Wednesday, October 22, 2008

Jill Duffy on Twin Peaks’ Log Lady Intros

[Jill Duffy , Girl Reporter, looks at some extras on the Twin Peaks DVD that I did not even know about. Ignore the first few seconds of the youtube clip below.]



On the DVDs of Twin Peaks, the viewer has the option of watching the so-called Log Lady Intros. The Log Lady Intros are short, cryptic messages from the Log Lady, a Twin Peaks crazy townie named Margaret Lanterman who cradles a stump of wood at all times. Whether she is really a crazy townie or in fact a misunderstood clairvoyant, or perhaps a mystic who went mad after seeing and knowing too much, is not really known.

The Log Lady intros did not air on the original series, but David Lynch created them and ran them when the show went into syndication on Bravo, according to Wikipedia. The Lanterman character does appear in the show, but her real appeal to me is in these intros.

The intros contain clear and focused camera work, though they look very low budget, with the Log Lady perfectly centered in the frame. She is seated in what we might presume to be her own living room.

In the intros, the Log Lady speaks directly to us viewers and tells us something theoretical and at times otherworldly. Before episode no. 1, she talks about “reasons” – (which I thought could be interpreted ostensibly as “motives”). In episode no. 2, she talks about “ideas,” saying everything we know in this world is someone’s “idea” and that “some ideas can arrive in the form of a dream,” which she repeats for emphasis: “I can say it again: some ideas arrive in the form of a dream.” But no matter the content, the Log Lady is speaking to us. She could be, it seems, filming herself, having set up a simple home video camera in her living room. (I know on the embedded video there is a slow but subtle zoom, but this is not the case on the DVD version.) She is making vignettes of herself for someone -- us. It’s a breaking of the fourth wall, but it feels creepy rather than awakening.

Unlike the rest of the show’s story, which we watch unfold before us or visit in flashbacks, we have no idea when the Log Lady Intros are supposedly being taped within the universe of Twin Peaks. Does the Log Lady make a new tape every day, just as the episodes of Twin Peaks are more or less the events of one consecutive day after the other? Were all the intros filmed after the events of the show? And how does the Log Lady know that we are watching? Why does she have this privilege of speaking to us, of knowing that we are watching, when the rest of Twin Peaks does not? She is a part of the town and a part of the show, and yet somehow, she also has a relationship to the viewer.

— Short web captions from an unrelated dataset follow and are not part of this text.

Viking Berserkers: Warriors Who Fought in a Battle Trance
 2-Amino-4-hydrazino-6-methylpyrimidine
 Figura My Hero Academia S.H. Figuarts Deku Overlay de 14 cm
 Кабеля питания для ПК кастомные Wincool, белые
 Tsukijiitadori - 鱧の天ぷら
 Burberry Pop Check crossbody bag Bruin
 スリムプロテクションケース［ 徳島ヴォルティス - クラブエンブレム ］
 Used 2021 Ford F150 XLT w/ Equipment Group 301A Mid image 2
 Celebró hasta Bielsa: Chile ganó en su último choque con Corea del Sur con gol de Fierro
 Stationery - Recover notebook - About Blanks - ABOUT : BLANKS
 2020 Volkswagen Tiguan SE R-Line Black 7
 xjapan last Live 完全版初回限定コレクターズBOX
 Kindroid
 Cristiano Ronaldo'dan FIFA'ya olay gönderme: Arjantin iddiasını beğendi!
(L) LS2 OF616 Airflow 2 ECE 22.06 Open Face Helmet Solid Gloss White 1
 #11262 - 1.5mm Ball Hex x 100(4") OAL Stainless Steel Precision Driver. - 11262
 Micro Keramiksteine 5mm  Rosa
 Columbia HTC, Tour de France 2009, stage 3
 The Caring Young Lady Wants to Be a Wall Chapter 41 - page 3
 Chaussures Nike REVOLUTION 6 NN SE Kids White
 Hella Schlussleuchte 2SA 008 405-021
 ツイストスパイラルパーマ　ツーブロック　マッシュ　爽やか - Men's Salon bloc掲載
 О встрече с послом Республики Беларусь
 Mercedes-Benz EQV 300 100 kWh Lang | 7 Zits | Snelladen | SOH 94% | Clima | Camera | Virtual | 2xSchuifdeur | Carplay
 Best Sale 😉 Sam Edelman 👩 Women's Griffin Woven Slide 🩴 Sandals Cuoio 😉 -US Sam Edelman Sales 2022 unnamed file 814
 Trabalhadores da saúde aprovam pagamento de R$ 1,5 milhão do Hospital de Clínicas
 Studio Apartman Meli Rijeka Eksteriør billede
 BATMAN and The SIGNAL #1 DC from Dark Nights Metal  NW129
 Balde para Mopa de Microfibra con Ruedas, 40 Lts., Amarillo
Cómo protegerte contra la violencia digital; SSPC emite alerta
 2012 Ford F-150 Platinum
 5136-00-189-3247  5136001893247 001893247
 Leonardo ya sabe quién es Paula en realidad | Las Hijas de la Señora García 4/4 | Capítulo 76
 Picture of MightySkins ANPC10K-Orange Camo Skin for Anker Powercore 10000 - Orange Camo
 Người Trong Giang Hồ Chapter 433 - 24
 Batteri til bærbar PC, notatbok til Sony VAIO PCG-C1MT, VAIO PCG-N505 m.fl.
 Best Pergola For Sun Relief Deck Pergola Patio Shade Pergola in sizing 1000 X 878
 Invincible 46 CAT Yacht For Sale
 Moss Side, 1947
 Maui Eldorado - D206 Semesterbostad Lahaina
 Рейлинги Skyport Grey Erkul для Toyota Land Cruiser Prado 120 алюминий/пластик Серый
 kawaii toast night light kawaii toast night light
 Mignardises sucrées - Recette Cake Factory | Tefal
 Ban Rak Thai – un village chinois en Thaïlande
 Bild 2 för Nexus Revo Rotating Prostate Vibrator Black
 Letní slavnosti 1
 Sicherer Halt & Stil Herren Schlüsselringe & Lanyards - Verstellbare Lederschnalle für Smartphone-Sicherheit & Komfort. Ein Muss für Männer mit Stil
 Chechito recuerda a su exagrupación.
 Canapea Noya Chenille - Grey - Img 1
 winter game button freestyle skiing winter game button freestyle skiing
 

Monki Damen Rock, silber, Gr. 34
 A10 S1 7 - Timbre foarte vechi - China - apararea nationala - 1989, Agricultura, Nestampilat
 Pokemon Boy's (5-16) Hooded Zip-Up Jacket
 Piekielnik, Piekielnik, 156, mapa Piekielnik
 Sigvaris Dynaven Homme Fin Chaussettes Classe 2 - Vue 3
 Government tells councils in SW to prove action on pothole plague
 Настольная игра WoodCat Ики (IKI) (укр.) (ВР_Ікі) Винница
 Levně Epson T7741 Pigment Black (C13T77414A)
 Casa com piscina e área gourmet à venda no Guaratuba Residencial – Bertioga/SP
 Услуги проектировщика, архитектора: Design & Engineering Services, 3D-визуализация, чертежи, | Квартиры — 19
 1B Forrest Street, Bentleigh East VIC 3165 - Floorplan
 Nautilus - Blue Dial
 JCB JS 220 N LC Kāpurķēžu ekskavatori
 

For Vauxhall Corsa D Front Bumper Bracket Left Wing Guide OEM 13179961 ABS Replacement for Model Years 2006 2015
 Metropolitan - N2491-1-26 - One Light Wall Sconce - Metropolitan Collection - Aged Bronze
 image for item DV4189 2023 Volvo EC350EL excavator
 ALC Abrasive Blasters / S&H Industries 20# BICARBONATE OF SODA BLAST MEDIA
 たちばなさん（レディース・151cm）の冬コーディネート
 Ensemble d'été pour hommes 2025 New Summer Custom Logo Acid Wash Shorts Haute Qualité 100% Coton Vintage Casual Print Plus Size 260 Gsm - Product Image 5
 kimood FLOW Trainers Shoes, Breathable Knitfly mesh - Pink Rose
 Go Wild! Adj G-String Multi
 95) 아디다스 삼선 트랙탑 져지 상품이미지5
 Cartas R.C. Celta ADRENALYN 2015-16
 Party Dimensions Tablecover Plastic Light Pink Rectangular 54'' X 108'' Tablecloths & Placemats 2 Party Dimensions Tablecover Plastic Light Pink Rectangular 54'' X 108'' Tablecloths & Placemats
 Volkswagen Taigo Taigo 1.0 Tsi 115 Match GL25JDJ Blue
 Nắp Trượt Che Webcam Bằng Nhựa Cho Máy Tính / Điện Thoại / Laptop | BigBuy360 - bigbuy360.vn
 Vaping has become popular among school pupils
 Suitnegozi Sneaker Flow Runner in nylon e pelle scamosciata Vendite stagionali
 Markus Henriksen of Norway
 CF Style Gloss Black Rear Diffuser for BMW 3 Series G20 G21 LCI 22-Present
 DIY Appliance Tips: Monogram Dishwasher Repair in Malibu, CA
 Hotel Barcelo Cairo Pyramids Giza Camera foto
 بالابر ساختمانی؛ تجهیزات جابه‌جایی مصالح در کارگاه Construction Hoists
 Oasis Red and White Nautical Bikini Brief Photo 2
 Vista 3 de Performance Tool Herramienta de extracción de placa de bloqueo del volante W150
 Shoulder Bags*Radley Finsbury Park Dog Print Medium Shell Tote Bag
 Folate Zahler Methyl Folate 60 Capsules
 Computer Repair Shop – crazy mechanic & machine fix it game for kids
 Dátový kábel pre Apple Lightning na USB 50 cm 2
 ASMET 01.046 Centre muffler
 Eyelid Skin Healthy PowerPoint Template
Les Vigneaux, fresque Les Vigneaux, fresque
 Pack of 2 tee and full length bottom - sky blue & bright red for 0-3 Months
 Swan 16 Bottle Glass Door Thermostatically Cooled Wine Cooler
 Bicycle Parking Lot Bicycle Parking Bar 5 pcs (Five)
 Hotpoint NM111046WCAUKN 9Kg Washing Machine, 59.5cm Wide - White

It’s these complex series of relationships she has with different worlds – the world within Twin Peaks, the world “beyond the Fire,” and the real world of the television show viewer -- that makes her prescient nature all the more frightening. It makes sense that she knows about the town, and it is creepy that she knows about whatever is beyond the fire, but how in the hell does she know about me? The Log Lady intros blur the line between Twin Peaks and reality, allowing more of that David Lynch creepiness to penetrate beyond the TV screen.

“To introduce this story, let me just say it encompasses the All – it is beyond the Fire, though few would know that meaning. It is a story of many, but begins with one, and I knew her. The one leading to the many is Laura Palmer. Laura is the one.” -- Excerpt from Log Lady Intro before the Pilot

(Note: Although there is some discrepancy about how to number the episodes, I call the pilot simply “the pilot’ and the first one-hour episode no. 1.)

2 comments:

Ted Poirier said...

3 years late but:
"It makes sense that she knows about the town, and it is creepy that she knows about whatever is beyond the fire, but how in the hell does she know about me? The Log Lady intros blur the line between Twin Peaks and reality, allowing more of that David Lynch creepiness to penetrate beyond the TV screen."

THANKS for putting this phenomenon into words, love these intros and they do seem to connect my current life events to the show in a very spiritual way,SHE KNOWS ME>

Anonymous said...

Tornado, she knows you because you want her to know you.

The intros are but a cryptic summary of the episodes. That they seem detached from the show in form is not a great quality in my opinion, and I think that they are, in many ways, out of character. The Log Lady has always been cryptical, yet precise in her lines, but she had no need for philosophical renderings. She simply knew things, and she said them. Her sentences were cryptic, yes, but to the point and without filter. Also, she seemed to suffer a lacking in the social skills. She didn't understand people, and they didn't understand her.

Where does this sudden need to talk come from? And the need to explain? The intros are almost boastful. In the series, the Log Lady speaks almost only when she has something important to speak of. And when she doesn't have anything important to say, she spits. Why is she suddenly speaking none-stop to no one i particular - of things that have no urgency whatsoever?